The performance of a secure TLS connection is influenced by the selection of the cipher suite, which defines the specific algorithm and the key size. We will now calculate the performance of a specific example using the TLS_DHE_RSA_WITH_AES_128_CBC_SHA256 cipher suite, since this is currently a minimum suggested strength for a secure TLS connection. Of course in any network protocol, normal network effects like latency and throughput have real-world effects. The calculations below only concentrate on the major computational tasks of the end devices. The first calculation profile is the handshake phase.
For the purposes of the calculations, we assume a 3 deep certificate chain (SoC-> Device ODM -> Device OEM) for both the server and client. When the device certificates are exchanged and verified with RSA, the signature verification creates the bulk of the CPU load. The RSA verify process uses a modular exponentiation with a fixed public key exponent, so the operation is not as resource intensive as an RSA signature generation. The modular exponentiation is also the dominant math operation in generating an RSA signature but the exponent is much larger, thus taking more processing time. The modular exponentiation function can be offloaded into a dedicated hardware acceleration engine, called a public key accelerator.
The next major CPU intensive process of this cipher suite handshake is the DHE component, where there are multiple modular exponentiations for both the server and the client. DHE works as follows:
- Server sends Client a SERVER KEY EXCHANGE message during the TLS Handshake. The message contains:
- Prime number p
- Generator g
- Server's Diffie-Hellman public value A = g^X mod p, where X is a large random private integer chosen by the server and never shared with the client.
- Signature (S) of the above (plus two random values) computed using the server's private RSA key
- Client verifies the signature S
- Client sends server a CLIENT KEY EXCHANGE message. The message contains:
- Client's Diffie-Hellman public value B = g^Y mod p, where Y is a private integer chosen at random and never shared.
- Server and Client calculates the pre-master key (PMK) using each other's public values:
- Server calculates PMK = B^X mod p
- Client calculates PMK = A^Y mod p
- Client sends a CHANGE CIPHER SPEC message to the server, and both parties continue the handshake using ENCRYPTED HANDSHAKE MESSAGES
Notes: The prime p, as well as X and Y should not be smaller than the size of the RSA private key. While X and Y can be smaller, the cryptographic strength and computation effort of the calculation is directly proportional to their length. g can be small and has no bearing on the calculation effort.

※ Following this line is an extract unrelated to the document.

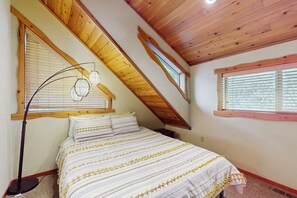 A bedroom with a sloped ceiling, a bed with striped bedding, a floor lamp, and a window with blinds. - 3BR lakefront home with game room and kayaks (Olympia)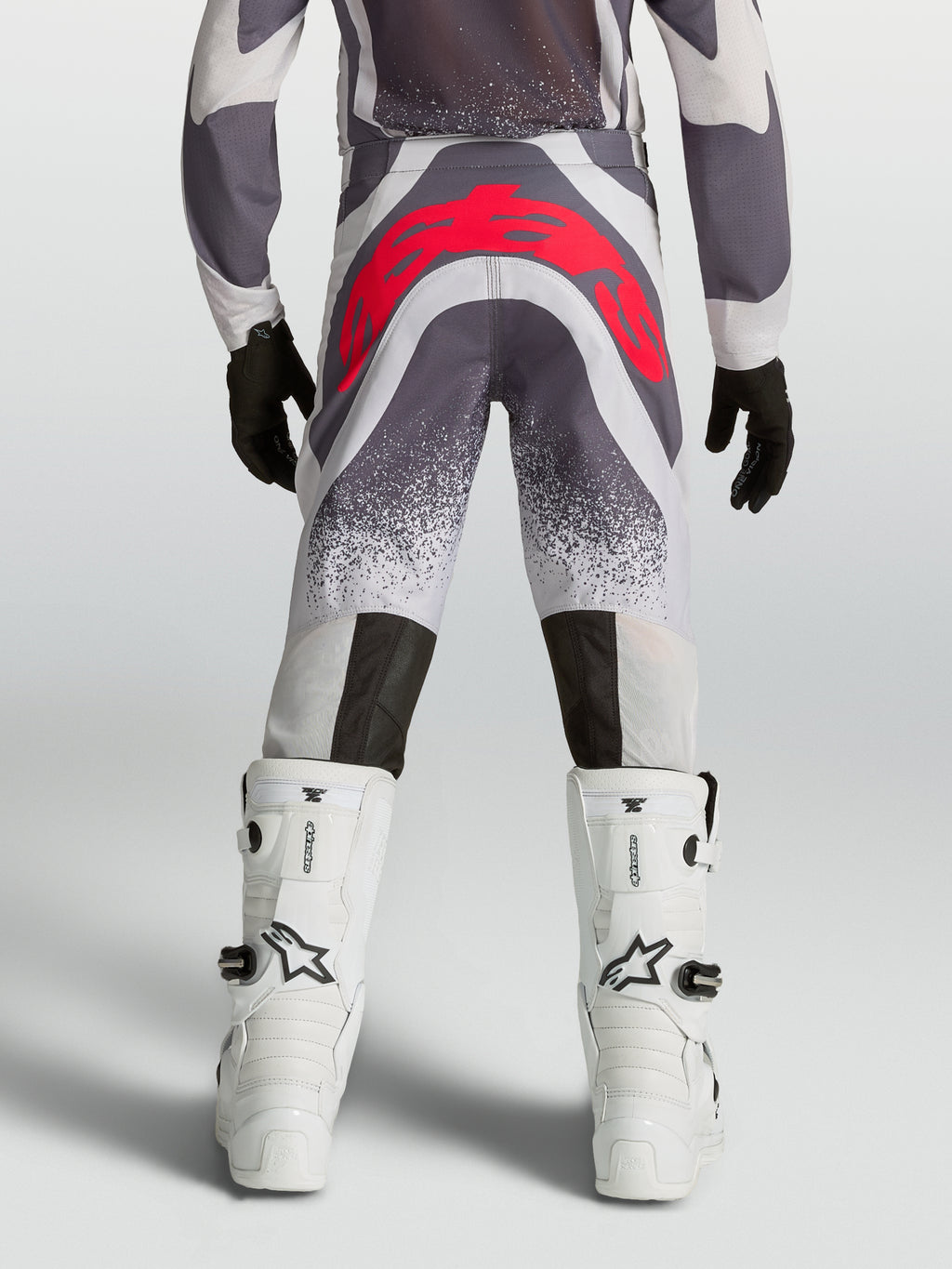Alpinestars Youth Supertech Swan Motocross Pants in Gray and Red Fluo, rear view showing athletic fit and reinforced seat.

These operations conclude the CPU intensive operations of the handshake phase since the session master key generation and other setup is trivial in comparison. The end result is that there can be up to 6 modular exponentiations on the server and 5 on the client to perform this handshake, where 3 of each of these are the shorter verify exponent operations.
Typical system on chip (SoC) designs clock cryptographic accelerators at a divider of the main bus frequency which allows the peripherals to run at a more energy efficient clock rate. In our example, we select 200 MHz for the CPU and 100 MHz for the accelerator. Since these operations are all atomic, they scale directly with frequency. Table 1 shows that you can easily achieve a 10 times improvement for number of connections per second by using a hardware accelerated system to accelerate the public key operations.